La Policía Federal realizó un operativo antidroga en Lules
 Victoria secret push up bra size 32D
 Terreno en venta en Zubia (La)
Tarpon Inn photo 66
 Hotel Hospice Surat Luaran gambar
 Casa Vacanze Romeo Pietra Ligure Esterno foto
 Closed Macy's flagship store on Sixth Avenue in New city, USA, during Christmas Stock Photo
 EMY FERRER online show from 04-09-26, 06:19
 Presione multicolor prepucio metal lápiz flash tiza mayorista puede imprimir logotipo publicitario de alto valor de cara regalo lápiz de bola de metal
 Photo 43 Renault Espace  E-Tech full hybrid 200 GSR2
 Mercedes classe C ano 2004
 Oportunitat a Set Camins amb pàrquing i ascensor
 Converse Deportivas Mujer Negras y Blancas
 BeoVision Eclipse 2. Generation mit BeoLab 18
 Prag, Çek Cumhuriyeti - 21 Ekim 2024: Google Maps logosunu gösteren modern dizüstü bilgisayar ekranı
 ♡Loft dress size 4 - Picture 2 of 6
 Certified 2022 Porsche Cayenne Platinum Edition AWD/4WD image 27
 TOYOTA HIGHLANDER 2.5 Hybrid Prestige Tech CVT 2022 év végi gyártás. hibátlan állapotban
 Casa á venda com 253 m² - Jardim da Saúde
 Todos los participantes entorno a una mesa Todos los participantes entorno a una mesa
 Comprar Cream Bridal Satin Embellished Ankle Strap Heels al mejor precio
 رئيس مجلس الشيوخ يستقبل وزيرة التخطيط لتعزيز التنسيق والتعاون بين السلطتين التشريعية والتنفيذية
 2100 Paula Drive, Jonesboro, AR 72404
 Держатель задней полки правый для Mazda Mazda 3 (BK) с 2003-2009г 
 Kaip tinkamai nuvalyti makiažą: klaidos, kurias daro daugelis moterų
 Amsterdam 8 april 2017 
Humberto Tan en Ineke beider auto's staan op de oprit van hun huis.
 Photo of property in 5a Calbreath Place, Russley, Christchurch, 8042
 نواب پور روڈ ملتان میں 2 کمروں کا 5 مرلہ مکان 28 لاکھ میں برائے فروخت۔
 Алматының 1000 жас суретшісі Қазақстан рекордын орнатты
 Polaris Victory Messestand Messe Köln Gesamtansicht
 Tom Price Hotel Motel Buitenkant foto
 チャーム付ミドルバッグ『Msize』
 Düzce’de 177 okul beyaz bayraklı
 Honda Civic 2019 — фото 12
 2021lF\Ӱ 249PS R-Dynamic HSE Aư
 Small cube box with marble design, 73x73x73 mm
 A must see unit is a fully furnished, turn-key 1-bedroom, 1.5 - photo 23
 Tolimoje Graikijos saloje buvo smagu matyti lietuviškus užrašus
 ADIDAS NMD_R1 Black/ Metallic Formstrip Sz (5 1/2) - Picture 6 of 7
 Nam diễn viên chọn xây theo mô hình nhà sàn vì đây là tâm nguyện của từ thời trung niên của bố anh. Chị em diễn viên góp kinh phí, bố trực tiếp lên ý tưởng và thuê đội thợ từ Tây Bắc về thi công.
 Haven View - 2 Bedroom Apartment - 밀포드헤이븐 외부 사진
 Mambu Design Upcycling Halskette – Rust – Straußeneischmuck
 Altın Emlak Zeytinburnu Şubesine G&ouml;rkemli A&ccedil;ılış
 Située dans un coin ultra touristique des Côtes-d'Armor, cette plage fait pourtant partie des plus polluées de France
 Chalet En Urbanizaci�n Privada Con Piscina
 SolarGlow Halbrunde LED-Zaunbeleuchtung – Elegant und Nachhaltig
+ + + +
The lines to reproduce run from the line containing "Honda Civic 2019 — фото 12" to the end of the listing; write them out exactly and add nothing.

 Honda Civic 2019 — фото 12
 2021lF\Ӱ 249PS R-Dynamic HSE Aư
 Small cube box with marble design, 73x73x73 mm
 A must see unit is a fully furnished, turn-key 1-bedroom, 1.5 - photo 23
 Tolimoje Graikijos saloje buvo smagu matyti lietuviškus užrašus
 ADIDAS NMD_R1 Black/ Metallic Formstrip Sz (5 1/2) - Picture 6 of 7
 Nam diễn viên chọn xây theo mô hình nhà sàn vì đây là tâm nguyện của từ thời trung niên của bố anh. Chị em diễn viên góp kinh phí, bố trực tiếp lên ý tưởng và thuê đội thợ từ Tây Bắc về thi công.
 Haven View - 2 Bedroom Apartment - 밀포드헤이븐 외부 사진
 Mambu Design Upcycling Halskette – Rust – Straußeneischmuck
 Altın Emlak Zeytinburnu Şubesine G&ouml;rkemli A&ccedil;ılış
 Située dans un coin ultra touristique des Côtes-d'Armor, cette plage fait pourtant partie des plus polluées de France
 Chalet En Urbanizaci�n Privada Con Piscina
 SolarGlow Halbrunde LED-Zaunbeleuchtung – Elegant und Nachhaltig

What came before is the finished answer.